Adrian K. Agogino

Distributed agent-based air traffic flow management

Air traffic flow management is one of the fundamental challenges facing the Federal Aviation Administration (FAA) today. The FAA estimates that in 2005 alone, there were over 322,000 hours of delays at a cost to the industry in excess of three billion dollars. Finding reliable and adaptive solutions to the flow management problem is of paramount importance if the Next Generation Air Transportation Systems are to achieve the stated goal of accommodating three times the current traffic volume. This problem is particularly complex as it requires the integration and/or coordination of many factors including: new data (e.g., changing weather info), potentially conflicting priorities (e.g., different airlines), limited resources (e.g., air traffic controllers) and very heavy traffic volume (e.g., over 40,000 flights over the US airspace). In this paper we use FACET -- an air traffic flow simulator developed at NASA and used extensively by the FAA and industry -- to test a multi-agent algorithm for traffic flow management. An agent is associated with a fix (a specific location in 2D space) and its action consists of setting the separation required among the airplanes going though that fix. Agents use reinforcement learning to set this separation and their actions speed up or slow down traffic to manage congestion. Our FACET based results show that agents receiving personalized rewards reduce congestion by up to 45% over agents receiving a global reward and by up to 67% over a current industry approach (Monte Carlo estimation).

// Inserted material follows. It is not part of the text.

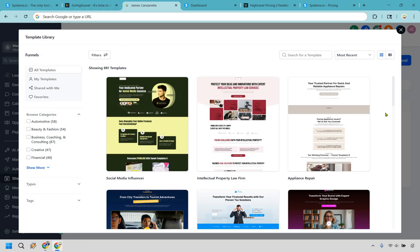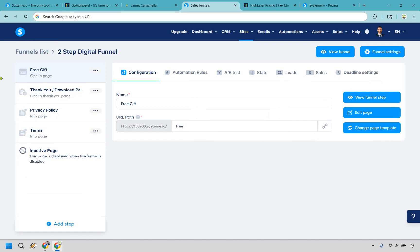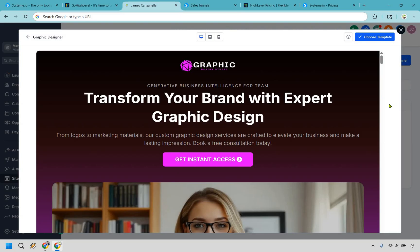Let's compare funnels. GoHighLevel offers a funnel builder that rivals ClickFunnels, only with a little more muscle. Drag and drop everything, line up your pages like digital bricks, and choose from a wide range of templates. Perfect if you're building for yourself or for a client. Systeme.io's funnel builder is stripped down but reliable — you still get templates and can edit pages with their drag-and-drop tool. The downside is it can feel a little clunky, and you might hover around forever trying to select the exact section you want. But at the end of the day it works and it's simple enough for beginners. Verdict: Systeme.io is good for ease and speed, while GoHighLevel is great for control and flexibility.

Analyzing and visualizing multiagent rewards in dynamic and stochastic domains

The ability to analyze the effectiveness of agent reward structures is critical to the successful design of multiagent learning algorithms. Though final system performance is the best indicator of the suitability of a given reward structure, it is often preferable to analyze the reward properties that lead to good system behavior (i.e., properties promoting coordination among the agents and providing agents with strong signal to noise ratios). This step is particularly helpful in continuous, dynamic, stochastic domains ill-suited to simple table backup schemes commonly used in TD(λ)/Q-learning where the effectiveness of the reward structure is difficult to distinguish from the effectiveness of the chosen learning algorithm. In this paper, we present a new reward evaluation method that provides a visualization of the tradeoff between the level of coordination among the agents and the difficulty of the learning problem each agent faces. This method is independent of the learning algorithm and is only a function of the problem domain and the agents’ reward structure. We use this reward property visualization method to determine an effective reward without performing extensive simulations. We then test this method in both a static and a dynamic multi-rover learning domain where the agents have continuous state spaces and take noisy actions (e.g., the agents’ movement decisions are not always carried out properly). Our results show that in the more difficult dynamic domain, the reward efficiency visualization method provides a two order of magnitude speedup in selecting good rewards, compared to running a full simulation. In addition, this method facilitates the design and analysis of new rewards tailored to the observational limitations of the domain, providing rewards that combine the best properties of traditional rewards.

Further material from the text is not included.